If he doesn’t have the answer, I can’t even pretend to.
And here’s my niggly worry: high-up doctor of psychiatry is not only fallible, he folds. He is human. And he is down. Like all of us. But a psychiatrist dares not admit. Ever.
As much as he deals with the “abnormal” in normal times, this is the new normal that is but so abnormally normal.
I want him to read all the normals in the abnormal sentence above – but I know he couldn’t care about “normal”. His normal is the abnormal; that’s what he deals with. There’s no new normal.

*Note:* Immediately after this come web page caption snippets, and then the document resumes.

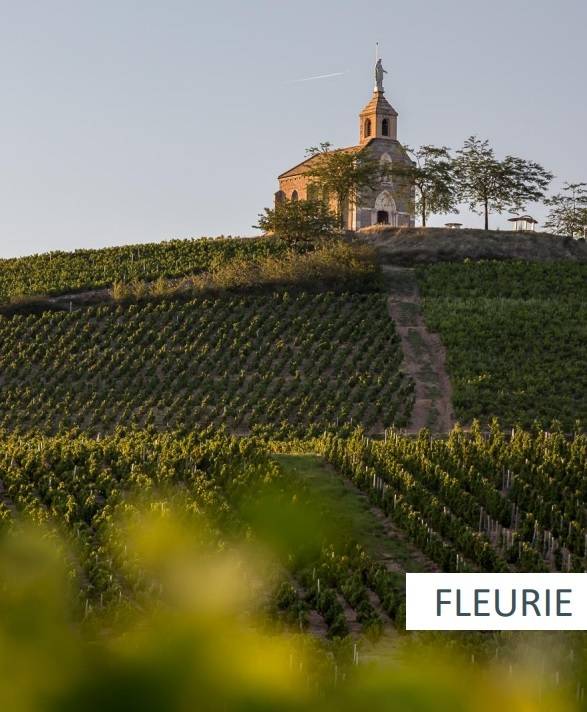 플뢰리 전경.&nbsp; &nbsp; &nbsp; &nbsp; &nbsp; &nbsp; &nbsp; &nbsp; &nbsp; &nbsp; &nbsp;소펙사 코리아 제공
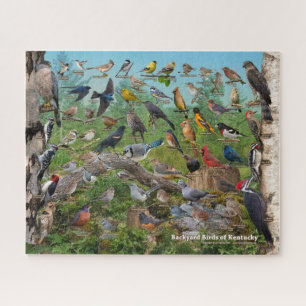 Puzzle Aves del patio trasero de Kentucky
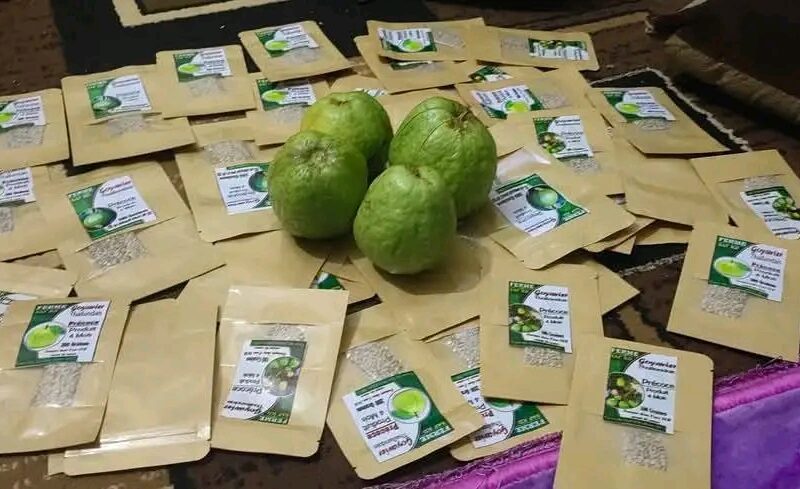 Semences de goyavier thaïlandais disponible duré de production 4 mois. Sachet de 250 graines a 15000 FCFA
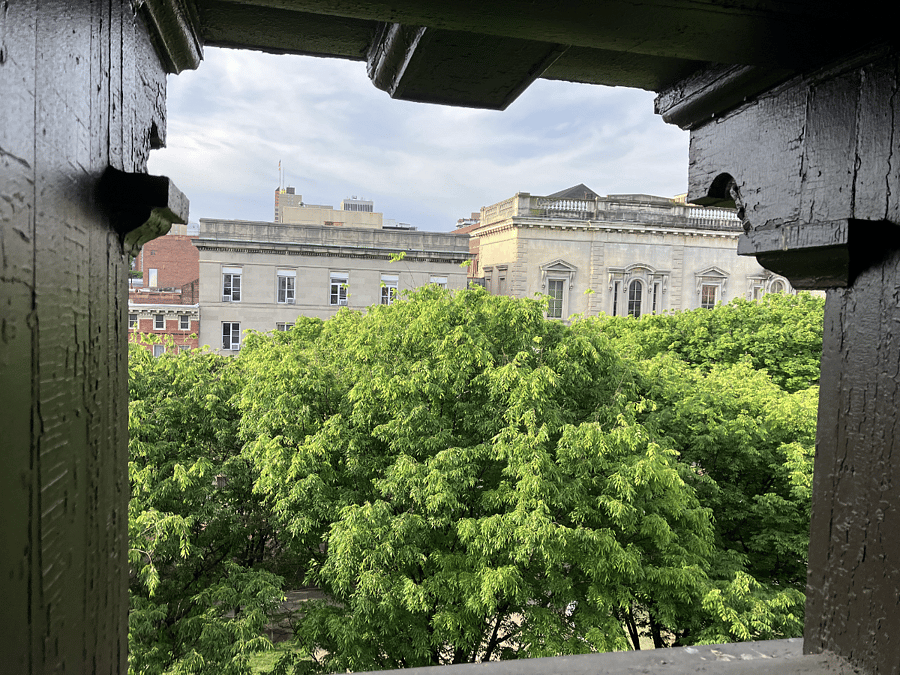 Bedroom view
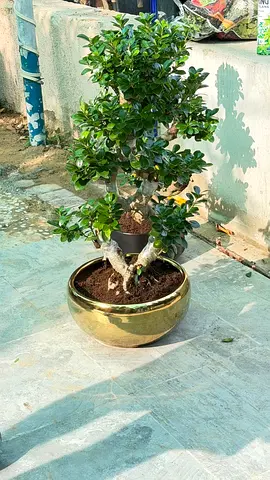 Bonsai Ficus Tree in Decorative Pots - Ready to Display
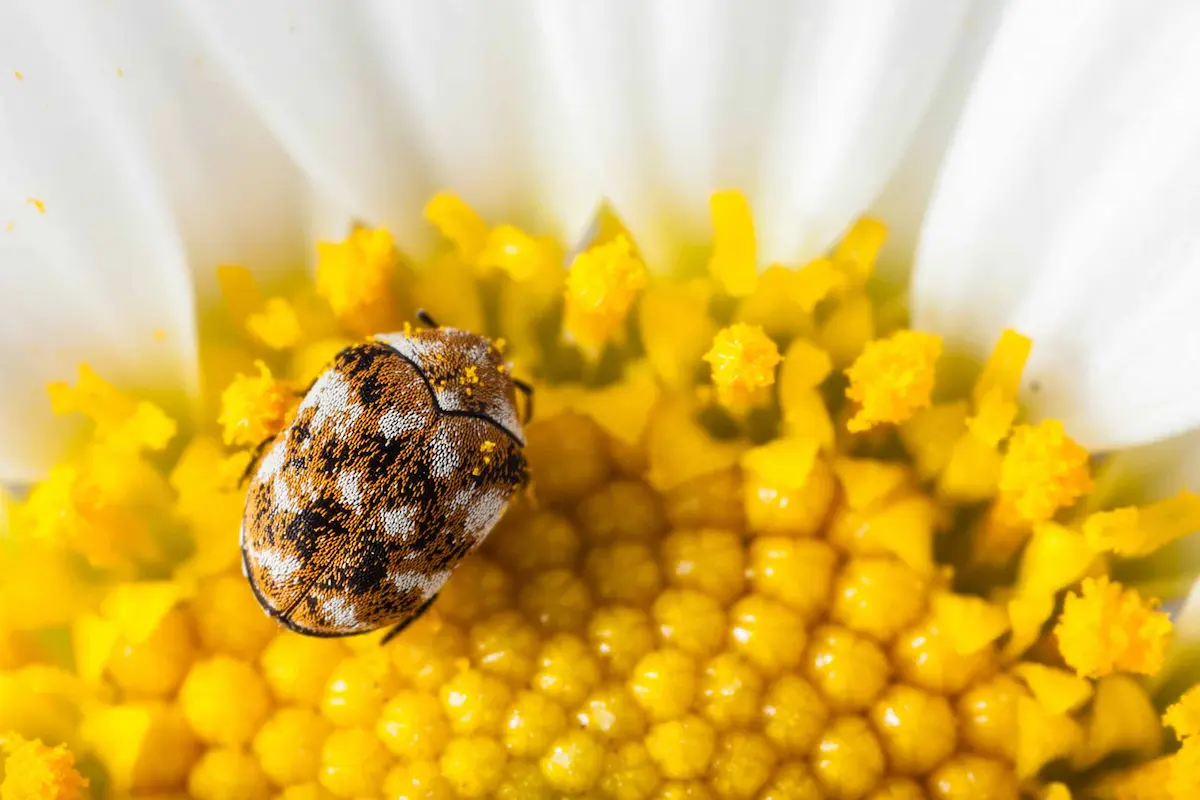 Close-up of a carpet beetle on a flower showing detailed pattern and potential household pest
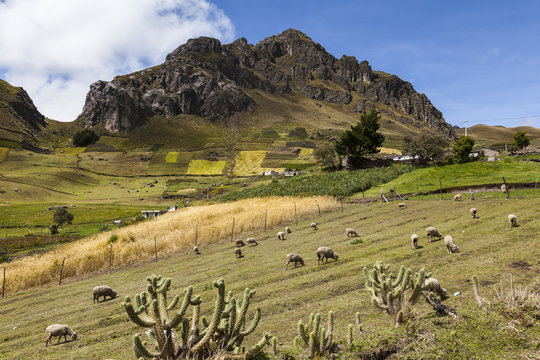 Campos y laderas cultivadas en Zumbahua, Ecuador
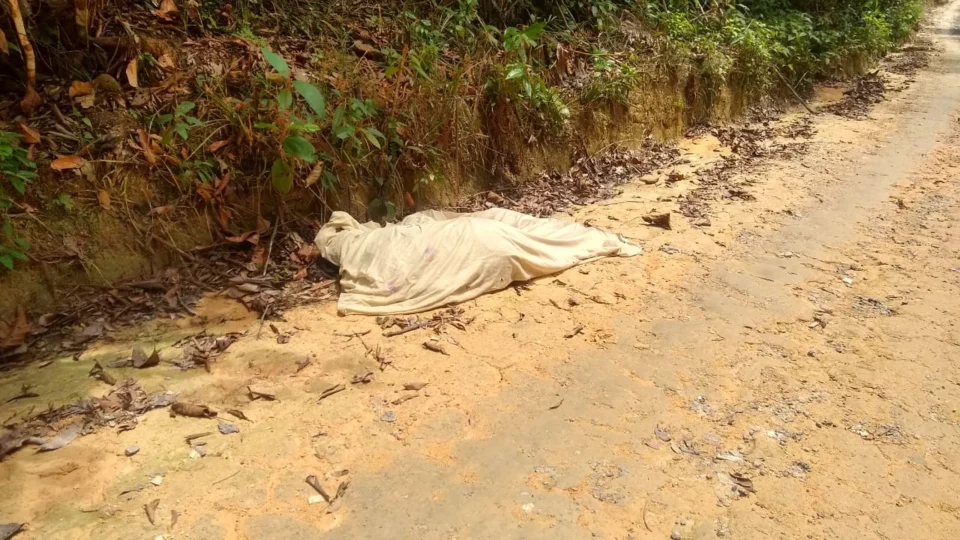 Homem é morto a tiros ao retornar de festa no AM-010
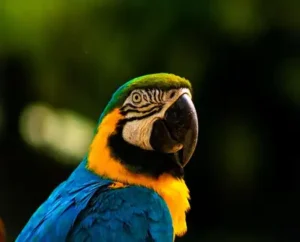 ‘Vem Passarinhar Belém’ incentiva contato com a biodiversidade amazônica no Parque do Utinga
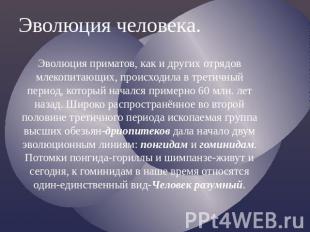 Эволюция человека.Эволюция приматов, как и других отрядов млекопитающих, происхо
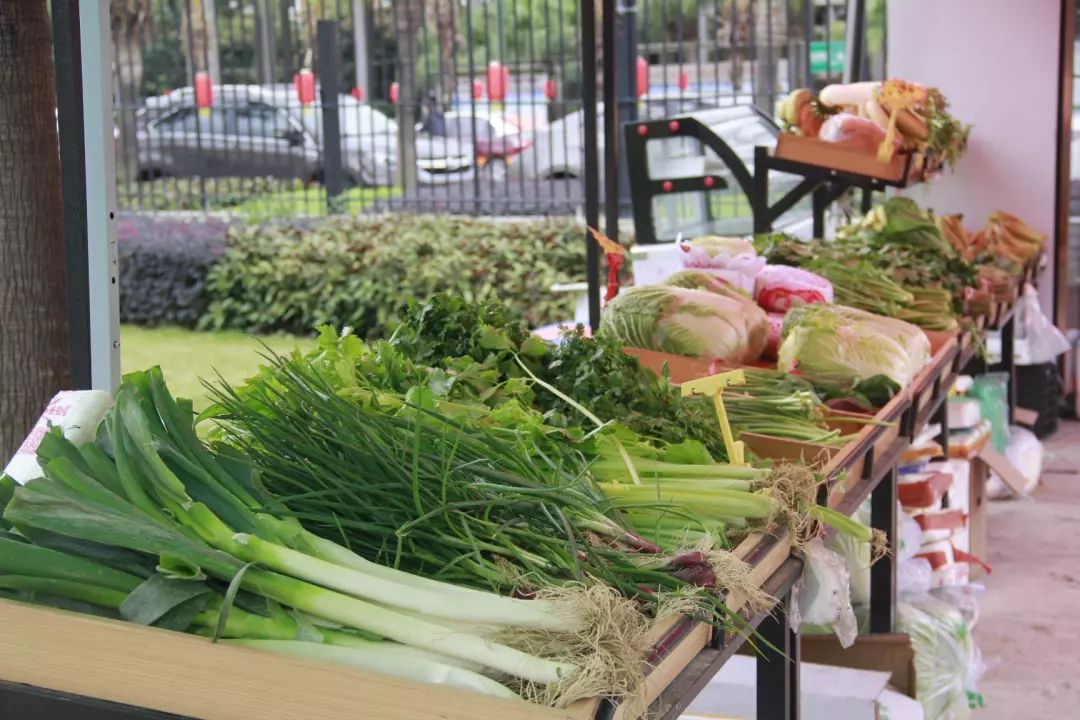 番禺｜物业做“微商”卖菜，管家当“快递员”送菜，广碧这波操作获满屏点赞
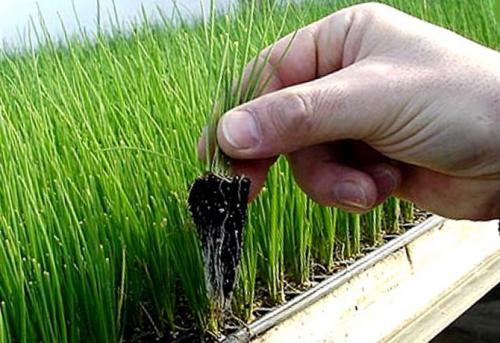 Как сажать лук батун весной. Как правильно посадить лук батун весной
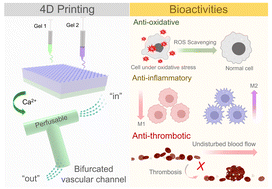 Graphical abstract: A 4D printed nanoengineered super bioactive hydrogel scaffold with programmable deformation for potential bifurcated vascular channel construction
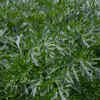 Wormwood (Artemisia)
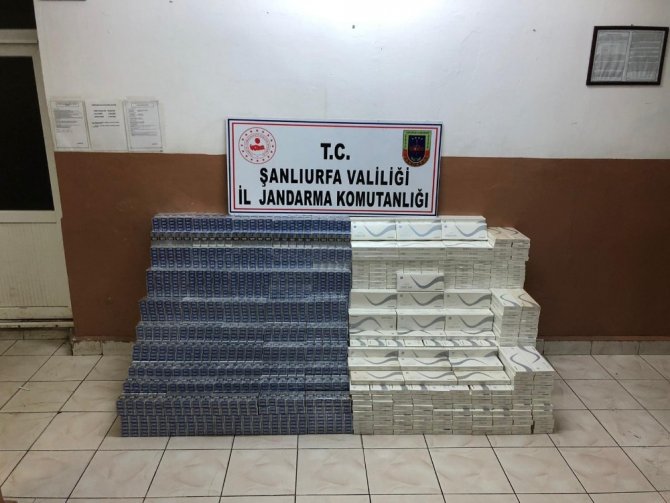 Şanlıurfa’da binlerce paket kaçak sigara ele geçirildi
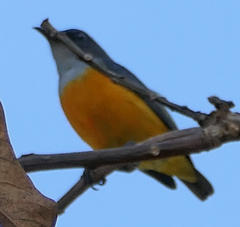 Dicaeum trigonostigma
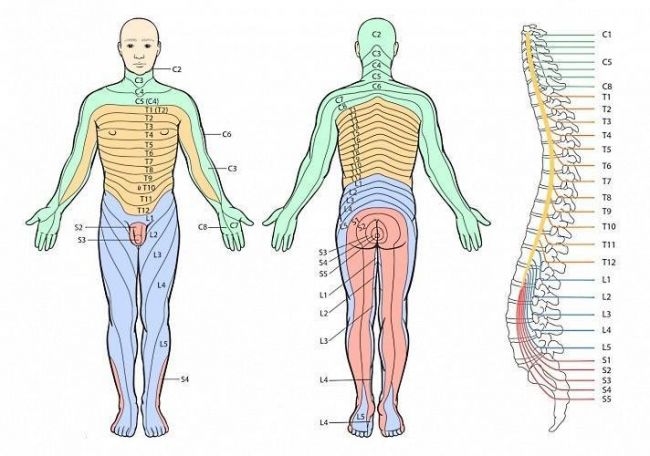 Езда на велосипеде при грыже поясничного отдела позвоночника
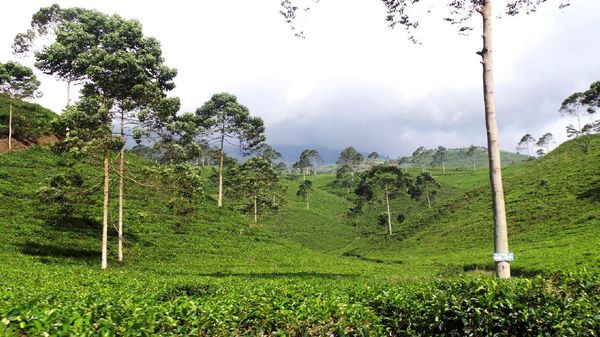 Stres di Hari Senin, Lihat yang Hijau-Hijau Dulu Sini..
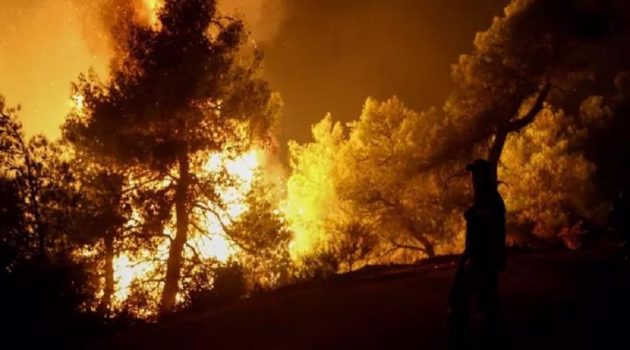 Φωτιά στη Λευκάδα: Στις φλογές έκταση στην περιοχή Καλλιγόνι – Ενισχύονται οι δυνάμεις στο σημείο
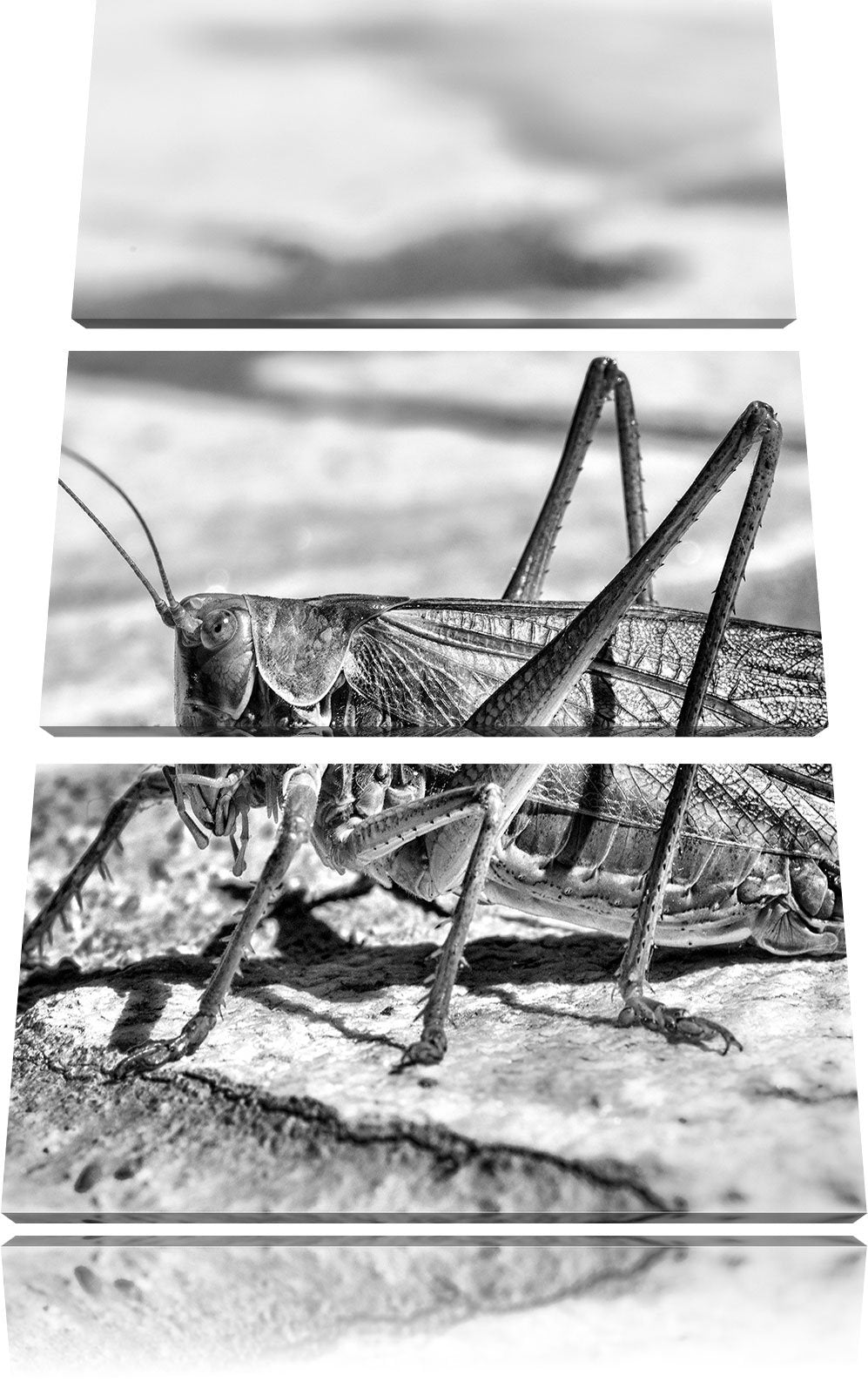 Pixxprint Elegante Heuschrecke als Leinwandbild/Grösse: 3 Teilig (120x80) cm/Wandbild/Kunstdruck/fer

Dare I confide in you? The good doctor is trying to deal with whatever comes his way the best he can. But his mind …
How do you handle hopelessness? You do. But you know you are lying, methinks – and life gives you a black eye.
Life’s black eyes never lie. It’s just hard to recognise. Look past the sunglasses or the smudge of Mel Gibson’s blue make-up and you’ll see: the people waiting to help us have black eyes too.
They feel the punches too; those unseen ones in the soft tissue. Those that make you curl up because you just can’t help.
They have the tools; the training to roll with life’s punches – but they just can’t roll the way they normally do.
Frans, I know, doesn’t have the answer. But you know what goes a long way? One kind word, one loving acknowledgment: “I’m here.”
Kindness. What a simple way to tell another struggling soul that there is love to be found out there.